Nyalakonda Ramkishan Rao, popularly known as Kishan Rao, was a three time M.L.A and a cabinet minister of the Indian state of Andhra Pradesh, he has been in active politics for more than three decades.

==Career==
Nyalakonda Ramkishan Rao was elected to the Andhra Pradesh Legislative assembly for three consecutive times from Choppadandi constituency and served as Minister of Forest, Environment & Pollution Control. "He won with a record majority of nearly 42,000 votes in 1985 which was one of the highest majority throughout the state and continued the victory spree till 1994". He lost the election in 1999 with a very small margin of 1918 votes after which he never contested again though he was the election in charge of Karimnagar after 1999. His exclusion from the list of candidates for 2004 elections was highly opposed and debated across the state. Many locals claim that his firm stance towards the empowerment of the poor, his image of being a non-corrupt peoples leader and his growing influence in karimnagar and the overall state politics all played a part to his ouster.

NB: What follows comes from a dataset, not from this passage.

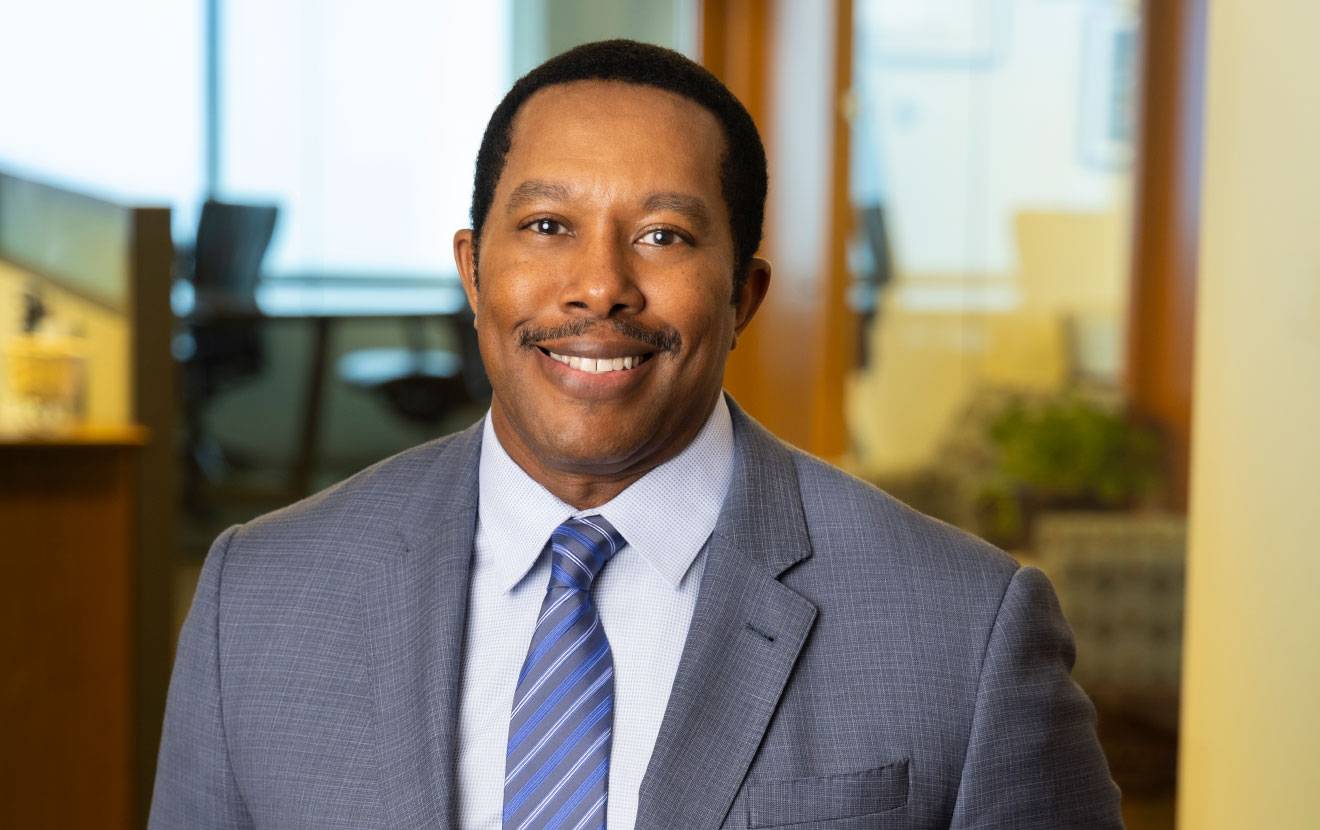 Marques Benton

Many political spokesperson also point that being straightforward, honest and daring enough to even oppose the leader of his own party for the betterment of the poor were major reasons for him being politically sidelined. However, being someone who has spent his entire life for public service he continued in actively serving the people till 2004. His popularity and strong following made easy election for Sana Maruthi in (2004) who was not a local candidate of Choppadandi and was opposed by the locals . The reservation of his home constituency Choppadandi in 2009 finally made him retire from active politics forever. He played a crucial role in formation of TDP government in 1994. He also headed the core-committee team which transferred the party and its authority from N.T.Rama Rao to N. Chandrababu Naidu. He worked in N. T. Rama Rao's and N. Chandrababu Naidu's governments for various important committees. Even after his exit from politics he has continued in the field of public service and plays a key role in influencing the voters of Choppadandi constituency. He openly supported Suddala devaiah in 2009 helping to ease to a victory over Gonukonda babu. Sana Maruthi, who was given a chance in 2004 is also an example of how influential a figure he is in the Choppadandi constituency. He introduced many leaders to politics like L. Ramana, Sai Reddy, Sana Maruthi etc.

== Positions held ==
- Sarpanch(1973-1978)
- Samithi vice president(1978-1983)
- Member of Legislative Assembly AP (1985-1989)
- Member of Legislative Assembly AP (1989-1994)
- Minister of Forest, Environment & Pollution Control (1997-1999)
- Member of Legislative Assembly AP (1994-1999)
- Election in charge for District Of Karimnagar(1999-2004)

== Personal life ==

Kishan Rao was born in Gangadhara village, Karimnagar, Telangana on 9 May 1940 to Nyalakonda Janardhan Rao Bahadur Reddy and Sunandha Rao Bahadur Reddy. He completed his degree in Osmania University and was an activist in the Telangana movement during his education. He was married to Sukanya Reddy. They had three daughters: A. Anupama Reddy, J. Anuradha Reddy, E. Aravinda Reddy. His uncle Nyalakonda Sripathi Rao also served as an MLA from 1978 to 1983.